I decided recently (prompted by a viewing of The Palm Beach Story on TCM) that my goal in life is to be one-half of the madcap couple in a screwball comedy. For Christmas, my parents gave me a book that might help me achieve that: a genuine Prohibition-era cocktail-party guide.
(And of course, it was the perfect book to read on New Year's Eve. Happy New Year to all!)
Shake 'Em Up!: A Practical Handbook of Polite Drinking by Virginia Elliott
My rating: 3 of 5 stars
"Shake 'Em Up" is a book of cocktail recipes, party-giving tips, and hangover remedies, first published in the United States in 1930 -- when Prohibition was still the law of the land. Authors Virginia Elliott and Phil Stong even advise on what mixture of herbal extracts will give your bathtub gin the most authentic flavor, which got them in trouble with the U.S. Attorney for the Southern District of New York.
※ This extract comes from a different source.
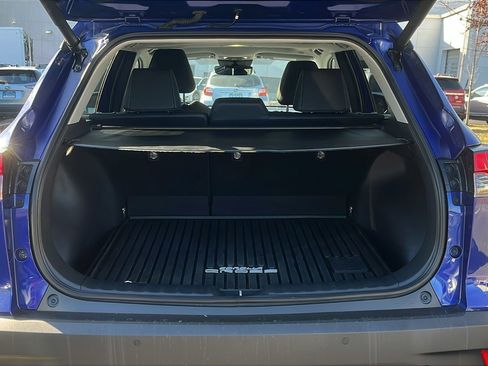 Used 2023 Toyota Corolla Cross XLE image 23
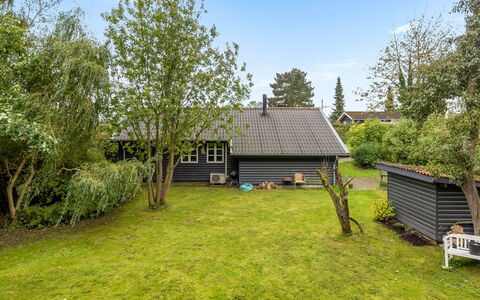 Bennek - 500M from the Sea: Meubilair, Interieur Ontwerp, Flooring, Verdieping, Muur, Bankstel, Hout, Woonkamer, Kamer, Huis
Truth be told, a lot of this book consists of recipes for cocktails and canapes that probably won't appeal to a modern palate, which is why I'm only giving it 3 stars. The recipe for a "dry" martini would be considered outrageously "wet" these days (two parts gin to one part vermouth), and the appetizers are mostly variations on "slice white bread, butter it, and put something salty-fatty-savory on top."
Still, there's enough historical interest and insouciant 1930s wit to make this slim book worthwhile. For instance, to introduce their section on drinks for cocktail novices, the authors write "Tender young things, who have just been taken off stick candy, prefer complicated pink and creamy drinks which satisfy their beastly appetite for sweets and at the same time offer an agreeable sense of sinfulness. If you have any creme de menthe or creme de cocoa about the house, make them up some kind of a mess of it and push them under the piano to suck on it."
Civil disobedience has rarely been so cheerful or such good fun.